APIs are consumer focused. The motivation behind defining an API is to answer one fundamental question, "What do consumers want?" APIs can interact with multiple services to get the desired result for the consumer.

Microservices use APIs to communicate between microservices. A single API call can request a single service or request multiple microservices to fulfill the consumer's needs.

Checking an order status in an e-commerce website requires a response from an order service or an inventory service. APIs can act as an information provider to the consumer by requesting information from multiple services managing multiple records systems. Microservices are built to accomplish repeated business tasks. Microservice architecture helps to decouple systems.

Imagine multiple teams working on different features in one codebase. A great deal of collaboration is required to deploy, test and add new features. This acts as a severe bottleneck to the speed of delivery.

There are plenty of samples available on the internet illustrating why we need microservices. I want to add a very accessible analogy to this pool of examples:

Running a restaurant also requires a great deal of collaboration and a systemic design to serve a great experience. If one chef is expected to cut the vegetables, cook them and serve them to a customer, the amount of work involved is astronomical.

The chef can delegate a few of his tasks to others, as shown above.

  1. This reduces the dependency on one chef.
  2. This also decouples the system; each chef can do their task independently without worrying about the rest.
  3. The speed of delivery also increases.

This is the same principle behind microservices. We decouple the entire system so that each team can work on their feature without worrying about the other moving parts.

Microservices it is!

The APIs work in conjunction with the microservices. We followed the API-led connectivity paradigm in creating the APIs.

We categorize API into three types.

  • Experience API: These are generally external-facing APIs that provide a different experience to consumers from a common data source, catering to each consumer's needs. Mobile consumers expect much less data when compared to desktop clients. This gives rise to different needs.
  • Process API: Process APIs take care of the business processes associated with the data, for example, an order going through multiple checks and validations before it gets inserted into the database.
  • System API: These APIs expose the systems of record to the outside world, for example, a document manager API to manage documents for the entire organization.

The design of the system should always depend upon the needs of the business. No "one-size-fits-all" solution exists. At Mutual of Omaha, we recently built an order processing system for one of our products. The requirement was to expose a SOAP API to an external vendor and an SFTP integration for fixed-width files.

The Current Day

We already had a giant monolith that included a UI, database connectivity and Spring integration code, tightly knit into one service. It supported two file formats, and any deviation from these formats required numerous code changes, changes in the table structure and new flows to handle the business process. Changes were making the codebase more and more complex and challenging to understand.

Our external-facing SOAP service was no different. Operations were tightly knit into one service with redundant code in almost every module.

Process

The entire process was broken down into three parts and distributed between three teams; each team worked on one category of API, which paved the way for parallel development.

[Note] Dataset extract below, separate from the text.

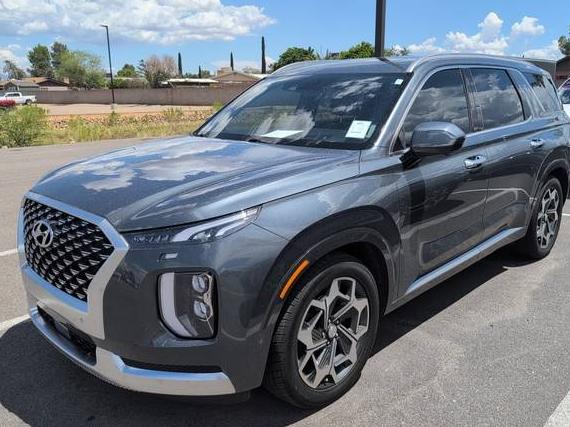 HYUNDAI PALISADE 2022 KM8R7DHE7NU340641 image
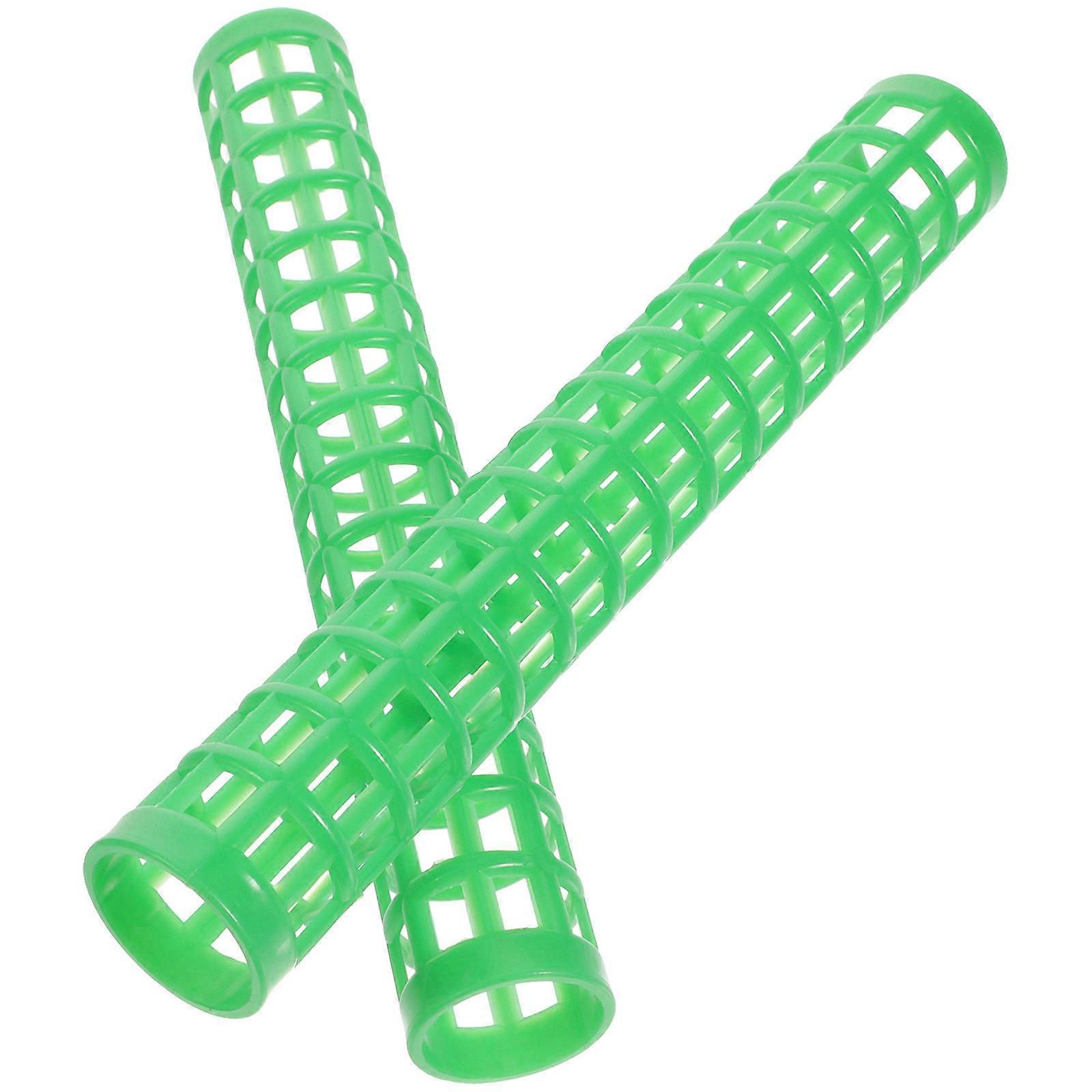 2Pcs Plastic Moss Pole with Mesh for Supporting Climbing Plants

Each of these microservices will be deployed in a container environment with replication and auto-discovery enabled. We decided to use the vendor’s integration platform to build experience APIs, which helped accelerate the integration.

Going back to our restaurant analogy, when the chef chooses to start with chopped vegetables instead of chopping them before use, it greatly reduces the meal preparation time. Using readily configurable components helps us accelerate delivery. It has implicit functions to parse incoming data and transform it into the required format. Configurable connectors and API listeners help us to build an API in a short period of time. We built our external-focused API and SFTP integration with reusable components from the vendor's platform.

Parsing

The received data was in a different format. We created a configurable parser in our experience APIs, which helped us to convert the fixed-width file data to the required format.

The parsing process is configurable and straightforward; it requires schemas for input and output formats. Schema-based parsing provides us with a greater ability to adapt as data format changes. Configurable schemas can easily accommodate changes.

The process APIs were a little more challenging; it involved a family of microservices (orchestrated and event-driven) working together to fetch and validate data from multiple systems of records.

The resulted order was finally inserted into the destined location using another system API.

API-led connectivity has encouraged other teams to develop and publish reusable system APIs that give access to records systems.

Reusable components reduced the code burden on teams. The old way of building applications is tiring. So is the old way of integrating. Tools like Mulesoft have democratized APIs. Microservices running in containers have helped make deployment and distribution of work easy, resulting in accelerated delivery and robust systems that are more adaptable to changing environments.